Hoe de laatste Sovjet-tank "Boxer" / "Hammer" (object 477) werd gemaakt. Deel 2 Bewapening, mobiliteit, bescherming
Prototypes gemaakt in 1987 tank "Boxer" in vergelijking met de T-64 zag er indrukwekkender uit. De tank was ongeveer 0,3 m groter, het krachtige kanon boven de toren en de hoge romp met gecombineerde bepantsering wekten enig respect voor hem op. Qua uiterlijk was het formidabeler in vergelijking met de tanks van de vorige generatie.
De constante toename van de prestatiekenmerken en de installatie van krachtigere wapens leidden onvermijdelijk tot een toename van de massa van de tank. Met een bepaald gewicht van 50 ton werd het met enkele tonnen overschreden, en dit vereiste serieuze maatregelen om het te verminderen. De ontwerpen van de tankconstructies, kanonnen, motorsystemen, chassis en bescherming zijn herzien.
Bovendien moest titanium worden geïntroduceerd in het ontwerp van sommige eenheden, waarvan de chassisbalancers, structurele elementen in de tank, elementen van dynamische bescherming, platen van het frontale beschermingspakket van de tank werden gemaakt. Dit maakte het mogelijk om de massa aanzienlijk te verminderen en praktisch in de gestelde eisen te passen.
bescherming
De tank werd gekenmerkt door een hoog beschermingsniveau met een minimum aantal verzwakte zones en het gebruik van alle verworvenheden van die periode. Reservering van de boegeenheid van de tankromp had een modulaire structuur, de afmeting was meer dan 1 m langs het projectiel. Er werd veel aandacht besteed aan de bescherming van de zijkanten en het dak van de toren, het werd gecombineerd: de bescherming van de zijkanten had bijvoorbeeld een meervoudige barrièrestructuur en de bemanningsluiken hadden krachtige meerlaagse bescherming.
Alle ontwikkelde varianten van actieve bescherming werden overwogen - "Drozd", "Arena", "Regen" en "Tent". Geen van hen behaalde concrete resultaten en in de R&D-fase is besloten om de tanks niet uit te rusten met actieve bescherming en deze in te voeren zoals deze is uitgewerkt.
Desalniettemin besloten de commissies onder leiding van generaal Varennikov, een toekomstig lid van het Staatsnoodcomité, om de actieve bescherming van Drozd in actie aan te tonen. Voor een groter effect was het schot OFS, het systeem onderschepte het, het projectiel explodeerde en sommige fragmenten gingen naar de commissie. De kolonel die naast Varennikov stond, was ernstig gewond. Verrassend genoeg gedroeg de generaal zich koelbloedig en beval dit incident niet te onderzoeken, hoewel er tijdens deze show veel overtredingen waren.

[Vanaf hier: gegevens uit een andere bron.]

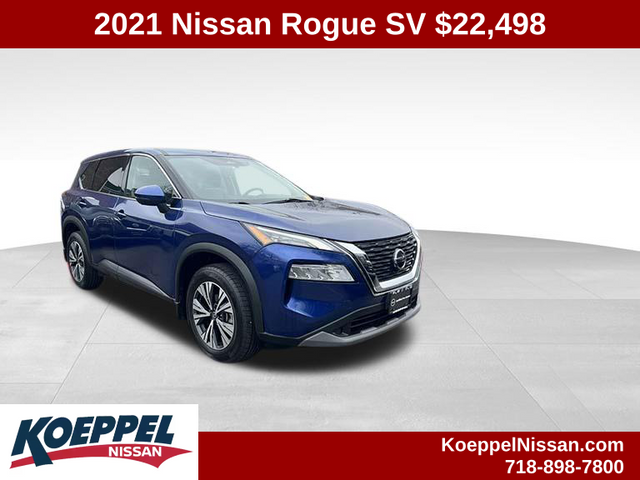 2021 Nissan Rogue SV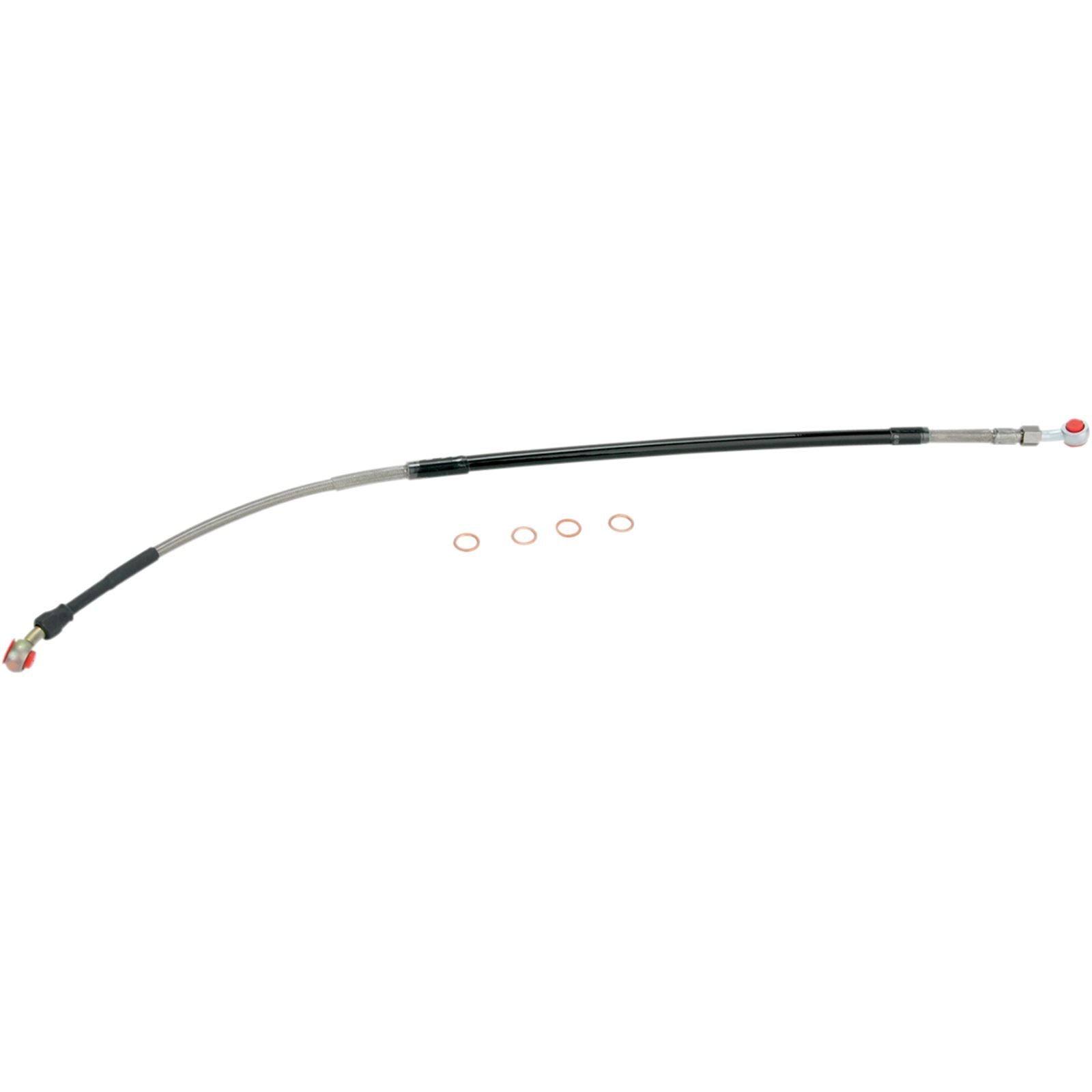 Moose Offroad Stainless Steel Brake Line - DR-Z 400 SM 1741-0993_437326
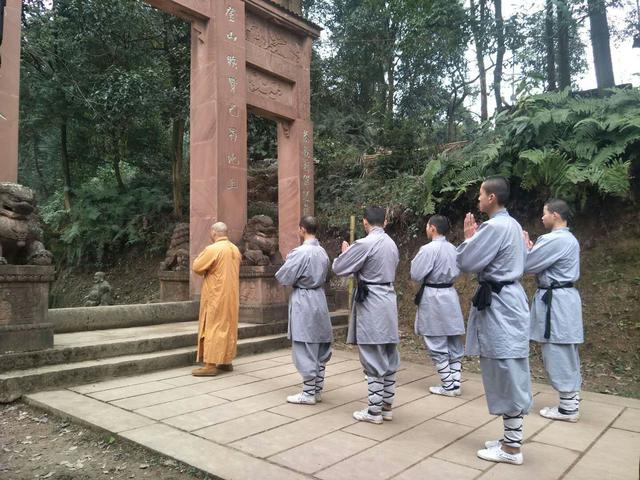 西少林掌门释行禅法师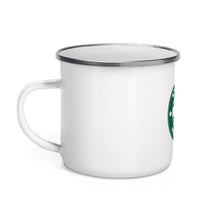Load image into Gallery viewer, Starpugs Hot Pawfee Enamel Mug Mug Milkshake the Pug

Er is gekeken naar een variant van elektromagnetische beveiliging, waaraan bij VNIIStal is gewerkt. Na de stand van zaken te hebben overwogen, werd het duidelijk dat het in de nabije toekomst niet mogelijk zou zijn om het te implementeren, omdat er geen acceptabele energie-intensieve energieopslagapparaten waren en de bestaande vergelijkbaar waren in grootte met een tank.
krachtinstallatie
De krachtcentrale van de tank was gebaseerd op een dieselmotor. Aanvankelijk werd een variant van de viertakt 12-cilinder 12ChN-motor, ontwikkeld bij KhKD, overwogen, maar aangezien deze alleen op het niveau van experimentele monsters bestond en niet voltooid was, werd deze verlaten.
Er werd gewed op een reeds bestaande tweetaktmotor op basis van 6TDF met een vermogen van 1200 pk, met de mogelijkheid om het vermogen op te trekken tot 1500 pk. Deze motor werd op prototypes geïnstalleerd en getest. Het koelsysteem was uitwerpen, één monster was met een ventilatorkoelsysteem. Tijdens het testen werden tekortkomingen bij het starten en koelen van de motor aan het licht gebracht, die geleidelijk werden verholpen. In tests ontwikkelde de tank met een dergelijke massa een snelheid van 63 km / u. Naast de hoofdmotor voor de tank, werd een extra dieselmotor ontwikkeld, gemonteerd op een spatbord.
Op internet verspreidde informatie dat de Boxer-tank was voorzien van een krachtcentrale op basis van een gasturbinemotor, en meer nog, zo'n monster van de tank is gemaakt, pure speculatie. Tijdens het werk werd deze vraag zelfs nooit gesteld, aangezien in het midden van de jaren 80 het epos van het op een tank duwen van een gasturbinemotor al was afgelopen en de diesel T-80UD als de hoofdtank werd aangenomen.
Chassis
Bij het begin van de ontwikkeling werden verschillende varianten van het chassis overwogen. Als resultaat van gedetailleerde studies kwamen ze niettemin uit op het chassis, dat was gebaseerd op het rubberen "Leningrad" -chassis dat op de T-80UD was uitgewerkt. Qua massa verloor het ongeveer twee ton aan het T-64-chassis, maar met die belastingen en motorvermogen was het gevaarlijk om voor de optie met een "licht" chassis te gaan, en verder werk was gebaseerd op redelijk goed ontwikkelde onderdelen van dit chassis.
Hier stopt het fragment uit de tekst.